[Exercise]: Find the line with "しょんぼりと元気のない紫ヘアのシニア シニア,高齢者,ご年配のイラスト素材" in the entries below, then output every line from it down to the line with "Partner angling phone", exactly and with no pictures.

[Records for processing]:
|---|

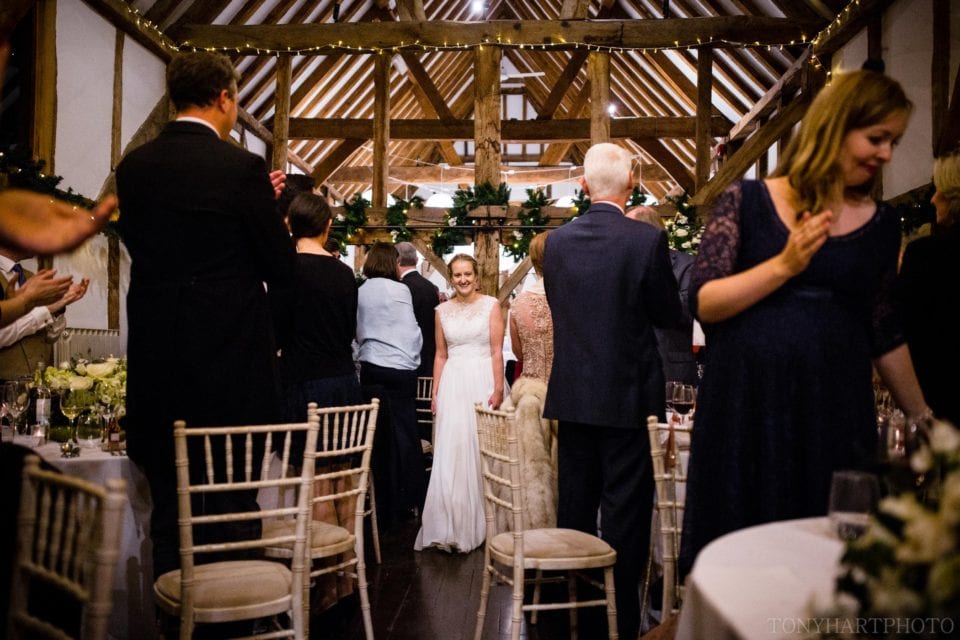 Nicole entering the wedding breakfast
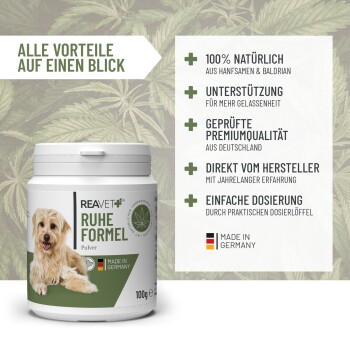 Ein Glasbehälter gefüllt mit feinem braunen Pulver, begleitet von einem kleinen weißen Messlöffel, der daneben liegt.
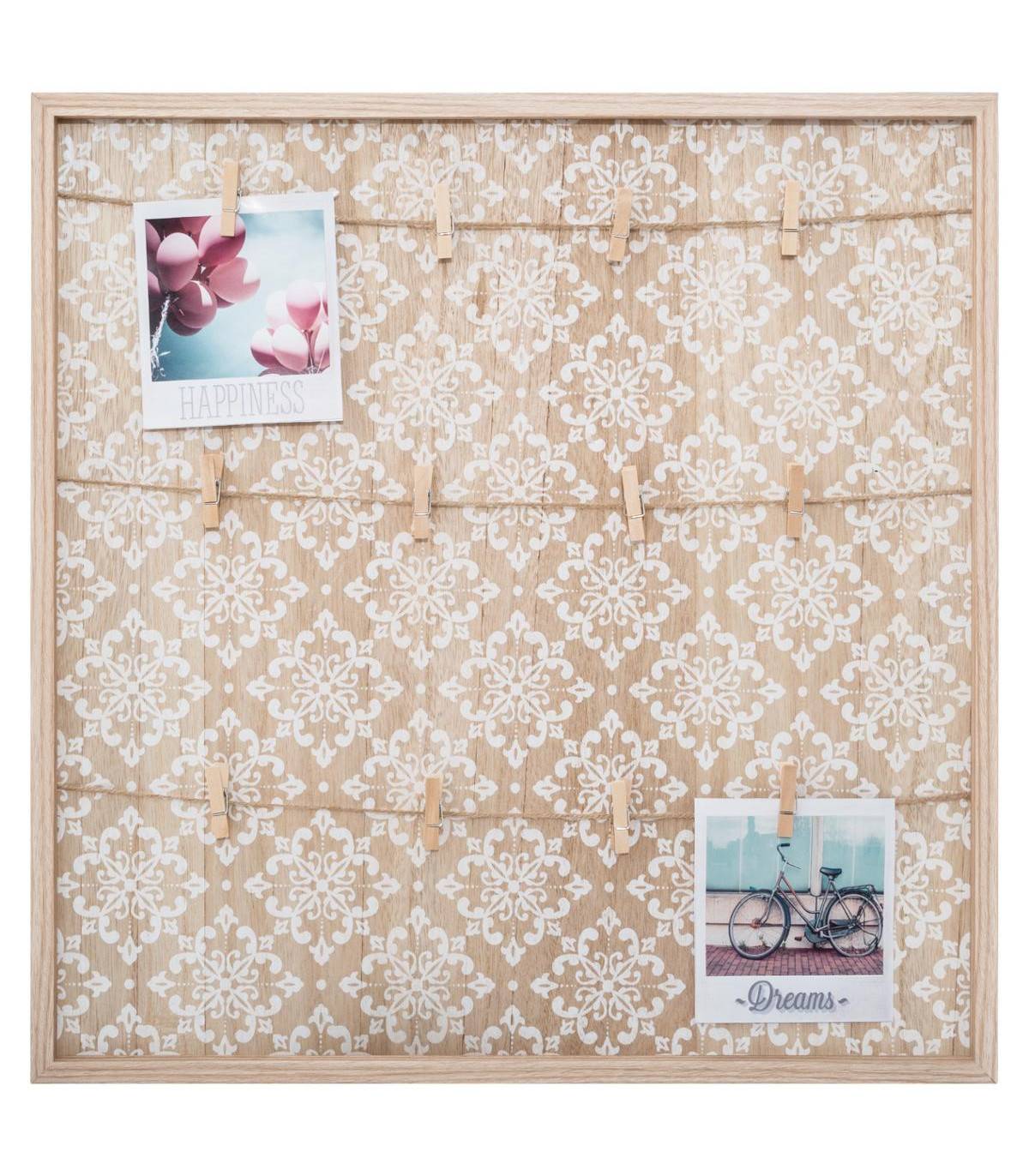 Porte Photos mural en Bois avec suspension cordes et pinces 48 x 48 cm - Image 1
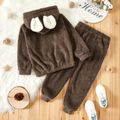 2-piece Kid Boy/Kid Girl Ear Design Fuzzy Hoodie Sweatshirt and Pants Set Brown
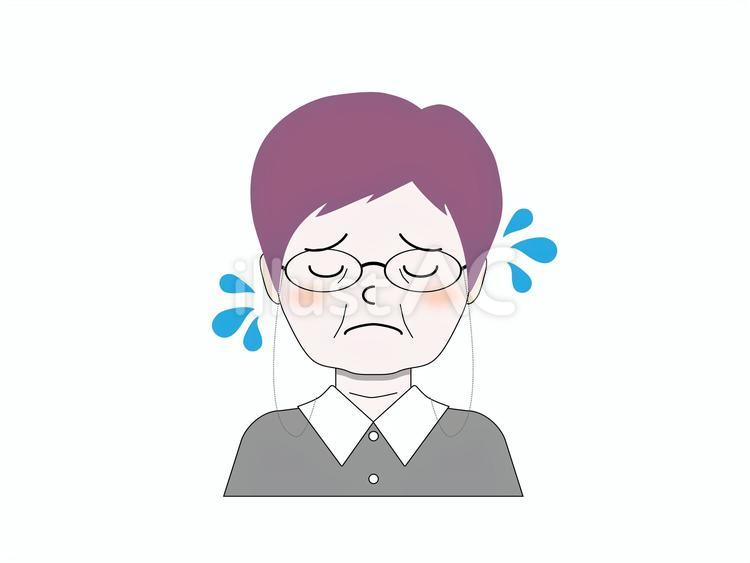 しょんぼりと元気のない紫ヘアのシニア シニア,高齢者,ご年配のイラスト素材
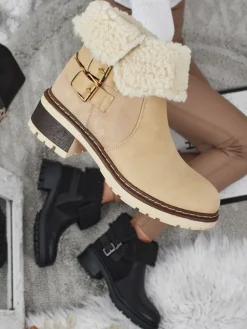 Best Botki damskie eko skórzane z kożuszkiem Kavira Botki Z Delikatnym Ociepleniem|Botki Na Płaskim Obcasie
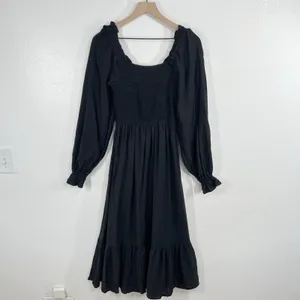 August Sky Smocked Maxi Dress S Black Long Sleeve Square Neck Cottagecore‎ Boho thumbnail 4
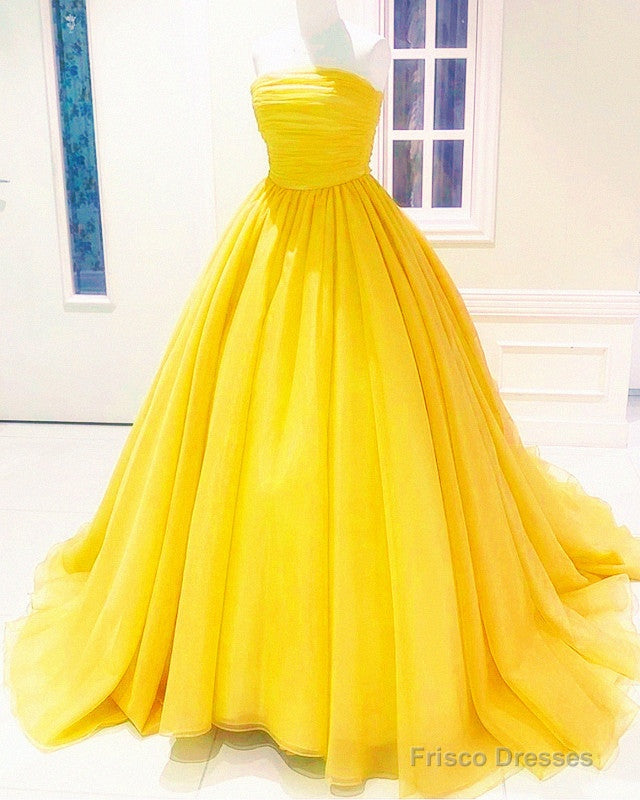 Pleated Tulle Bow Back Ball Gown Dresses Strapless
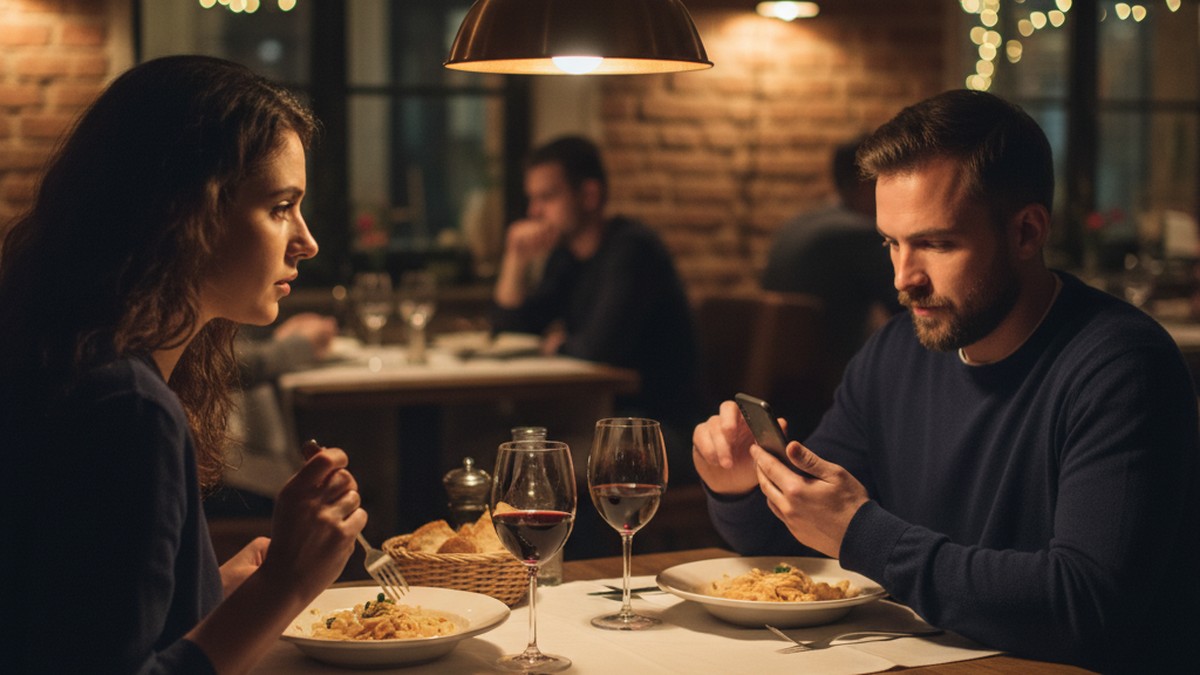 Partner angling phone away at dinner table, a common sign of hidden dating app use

|---|

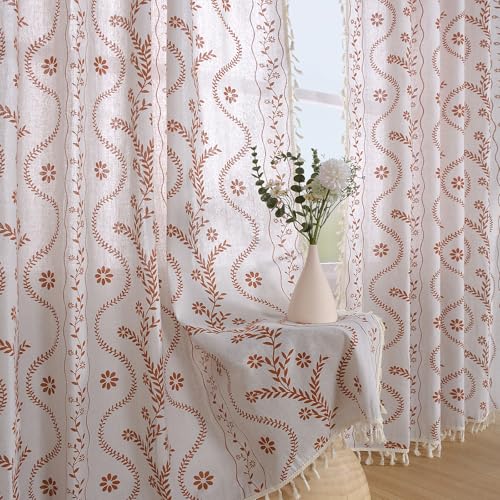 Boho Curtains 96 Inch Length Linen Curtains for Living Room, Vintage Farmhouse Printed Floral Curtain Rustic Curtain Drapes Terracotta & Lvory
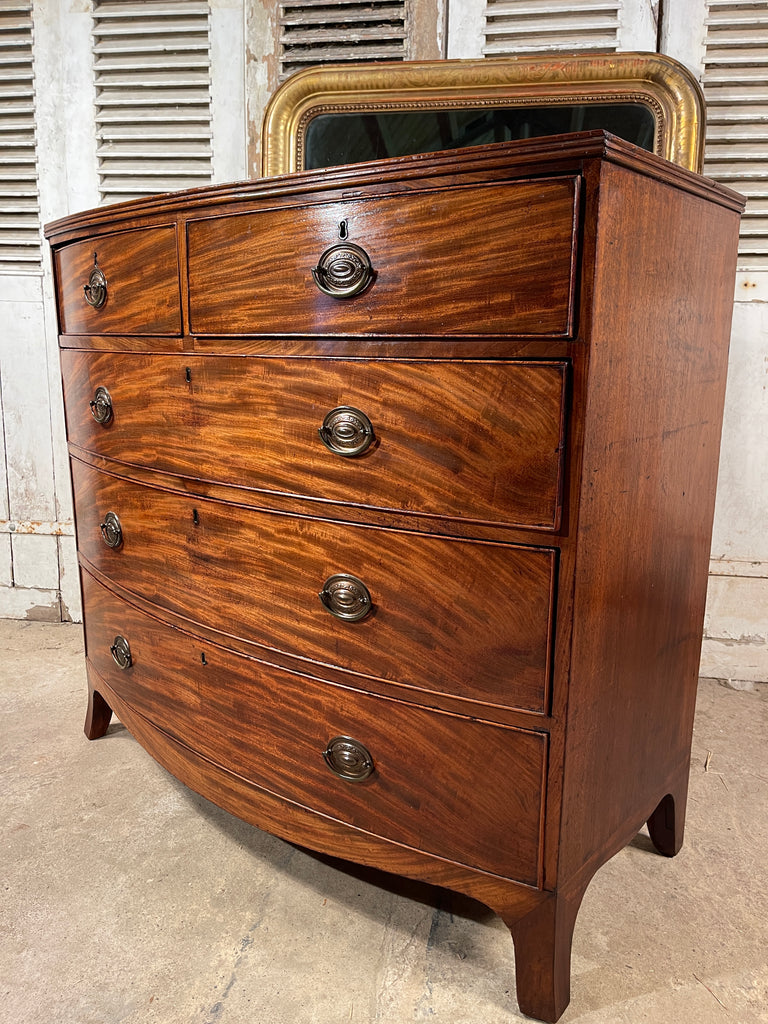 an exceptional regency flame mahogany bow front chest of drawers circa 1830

|---|

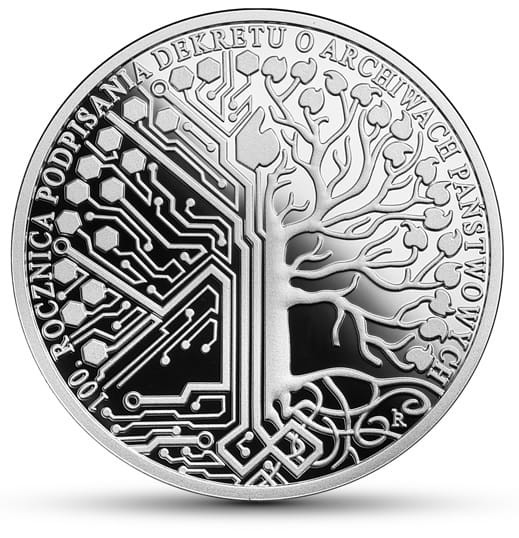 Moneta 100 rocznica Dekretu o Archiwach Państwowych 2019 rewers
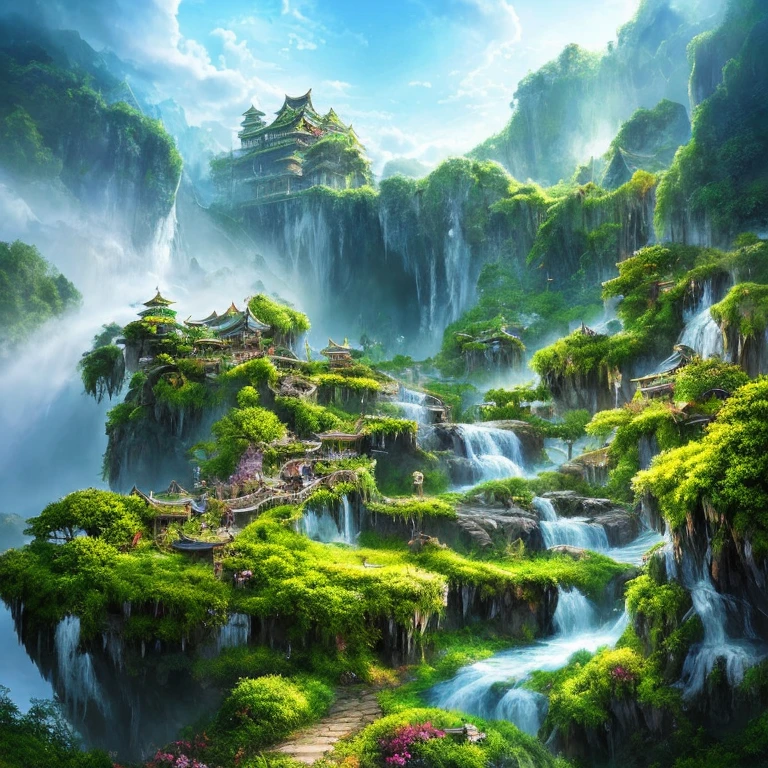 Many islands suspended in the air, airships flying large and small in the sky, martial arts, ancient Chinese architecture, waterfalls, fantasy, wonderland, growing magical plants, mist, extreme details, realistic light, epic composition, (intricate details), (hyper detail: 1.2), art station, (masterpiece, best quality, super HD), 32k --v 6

|---|

[Written solution]:
 しょんぼりと元気のない紫ヘアのシニア シニア,高齢者,ご年配のイラスト素材
 Best Botki damskie eko skórzane z kożuszkiem Kavira Botki Z Delikatnym Ociepleniem|Botki Na Płaskim Obcasie
 August Sky Smocked Maxi Dress S Black Long Sleeve Square Neck Cottagecore‎ Boho thumbnail 4
 Pleated Tulle Bow Back Ball Gown Dresses Strapless
 Partner angling phone away at dinner table, a common sign of hidden dating app use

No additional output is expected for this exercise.